Genomic DNA was extracted from specimens of two species of elasmobranch tapeworms preserved in 95% ethanol: Rhinoptericola megacantha (n=39 worms) and Callitetrarhynchus gracilis (n=47 worms) collected from various species of shark or ray hosts from various geographic localities. Microscissors were used to remove a piece of the strobila and/or scolex of each worm for DNA extraction. (To ensure accurate genotyping, DNA was intentionally not extracted from gravid proglottids [i.e., proglottids containing eggs]). Methods for DNA extraction follow Herzog and Jensen (2022). Extracted genomic DNA for all specimens was used to generate two multiplexed shotgun genotyping (MSG) libraries using the restriction enzyme MseI and the protocol of Andolfatto et al. (2011) with the following modifications: (1) Unique in-line barcodes were ligated to digested DNA prior to pooling to allow for bioinformatic identification of each specimen after sequencing; and (2) following bead purification, pooled libraries were run on a Blue Pippin 2% agarose gel cassette (Sage Science, Beverly, MA, USA) to elute DNA fragments within a 300–400 bp range. Each of the two multiplexed libraries was sequenced on a single flow cell of an Illumina NextSeq 550 High Output Next Generation Sequencer (Illumina, San Diego, CA, USA) for 75 bp single end reads. All specimens were included in the first library. The second library consisted of a subset of specimens for which insufficient read counts were generated following the first round of library preparation and sequencing.
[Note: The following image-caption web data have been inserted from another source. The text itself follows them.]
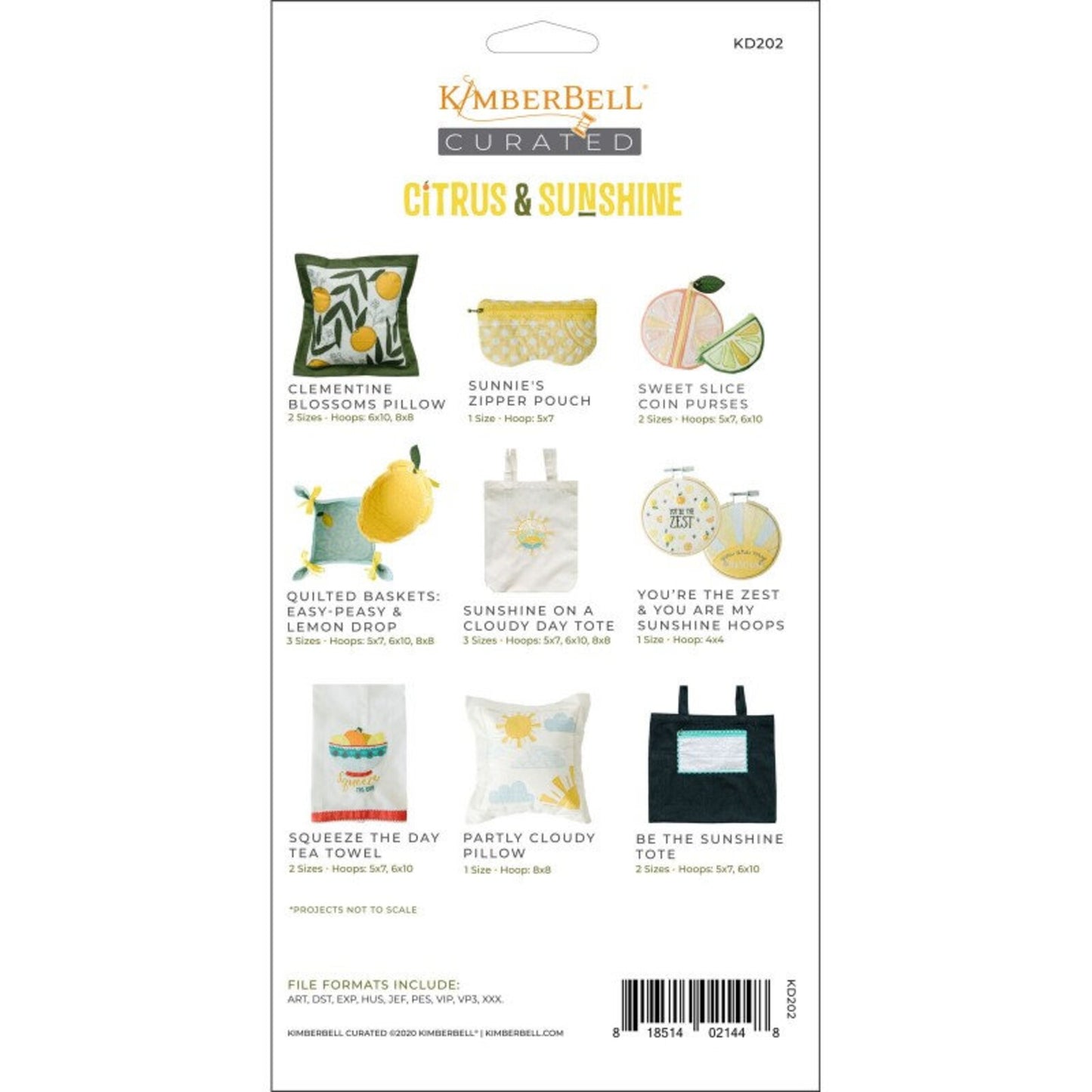 Curated: Citrus and Sunshine by Kimberbell Designs - Machine Embroidery - USB Stick - KD202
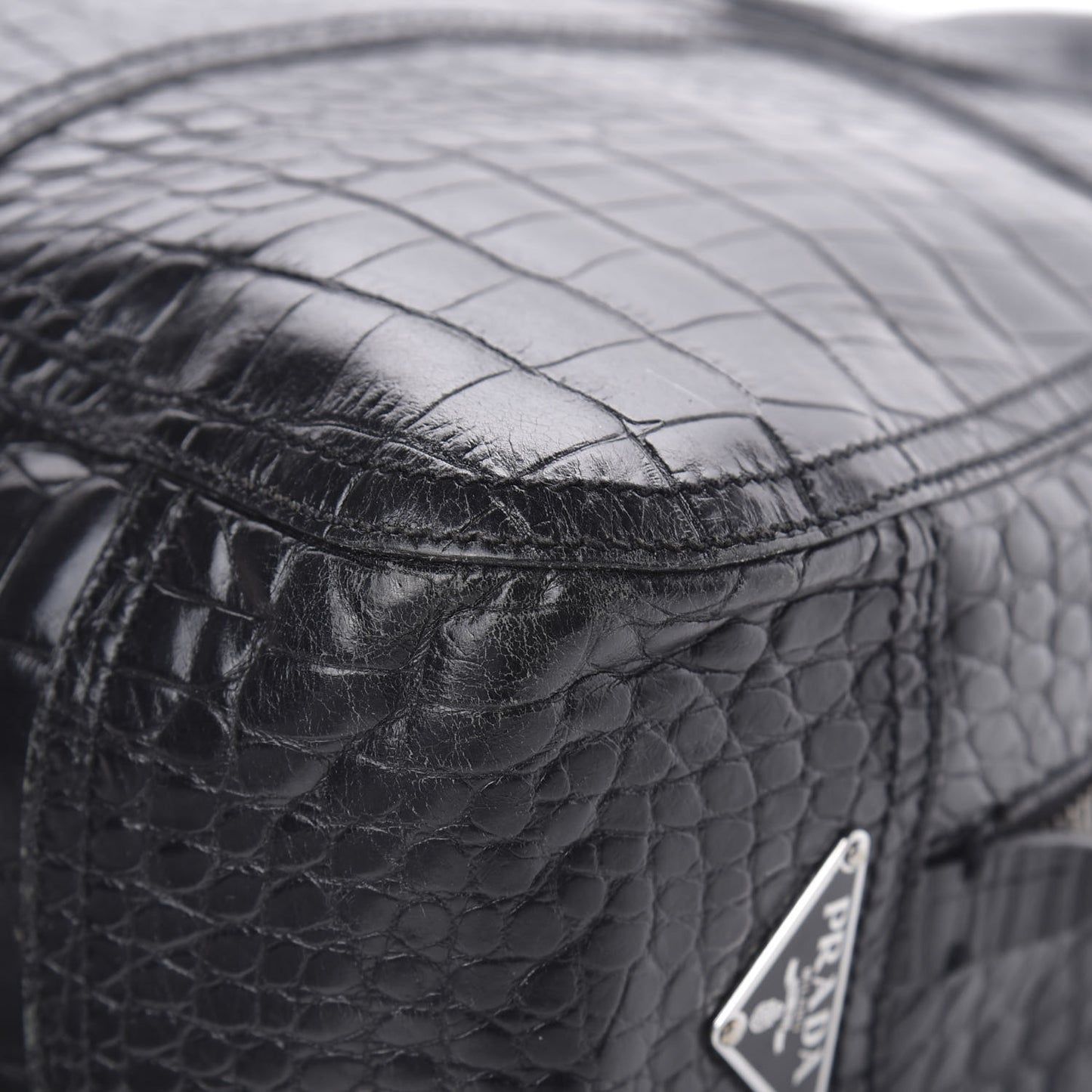 Calfskin Crocodile Embossed Satchel Black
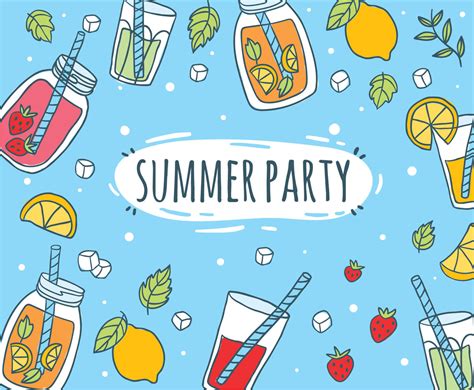 Hand Drawn Summer Party Drinks Vector Vector Art & Graphics | freevector.com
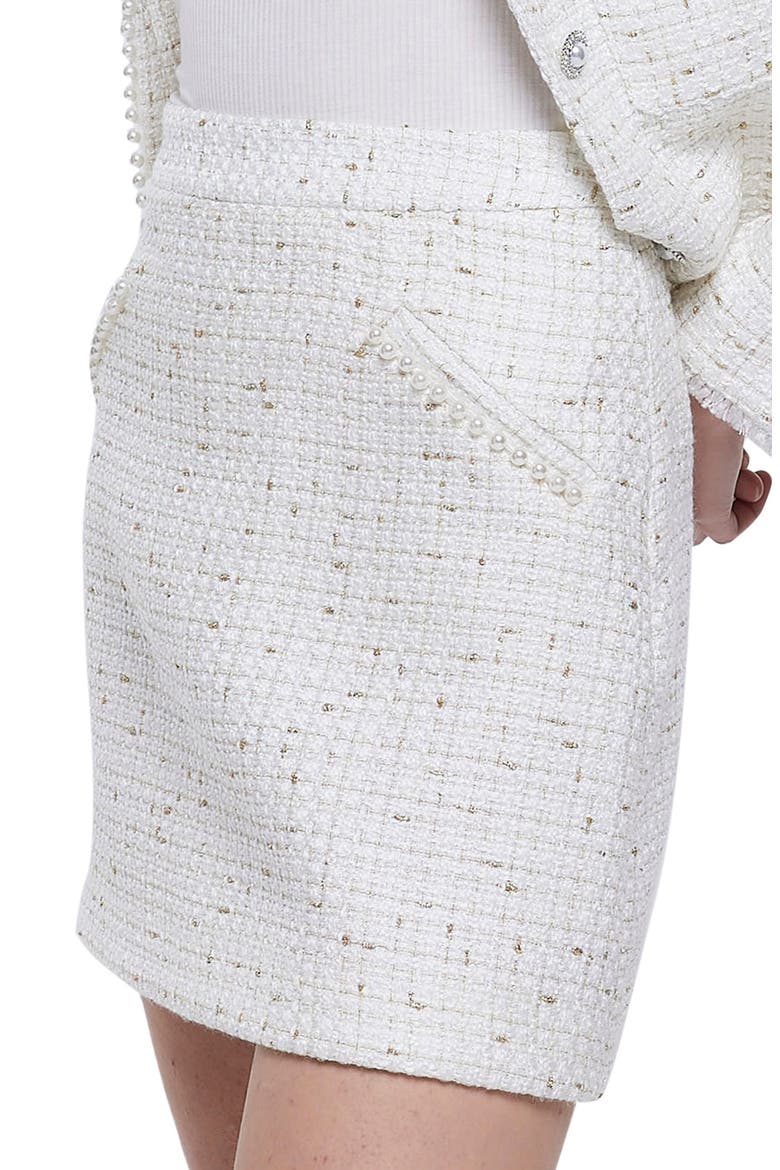 Imitation Pearl Trim Metallic Tweed Skirt, Alternate, color, CREAM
Library preparation and sequencing was completed at the University of Kansas Genome Sequencing Core. For both rounds of sequencing, specimens were demultiplexed and low-quality reads and adaptor contamination were removed using the process_radtags module of Stacks v. 2.53 (Catchen et al. 2013; Rochette et al. 2019) with the ‑r, ‑c, and ‑q flags specified. Further filtering was performed using Trimmomatic v. 0.39 (Bolger et al. 2014) to remove remaining low-quality reads and adaptor contamination, and to enforce a consistent read length of 70 bp.
Datasets are formatted as zipped fastq files (.fastq.gz), so any of the many programs that can utilize fastq files as input will be capable processing these data.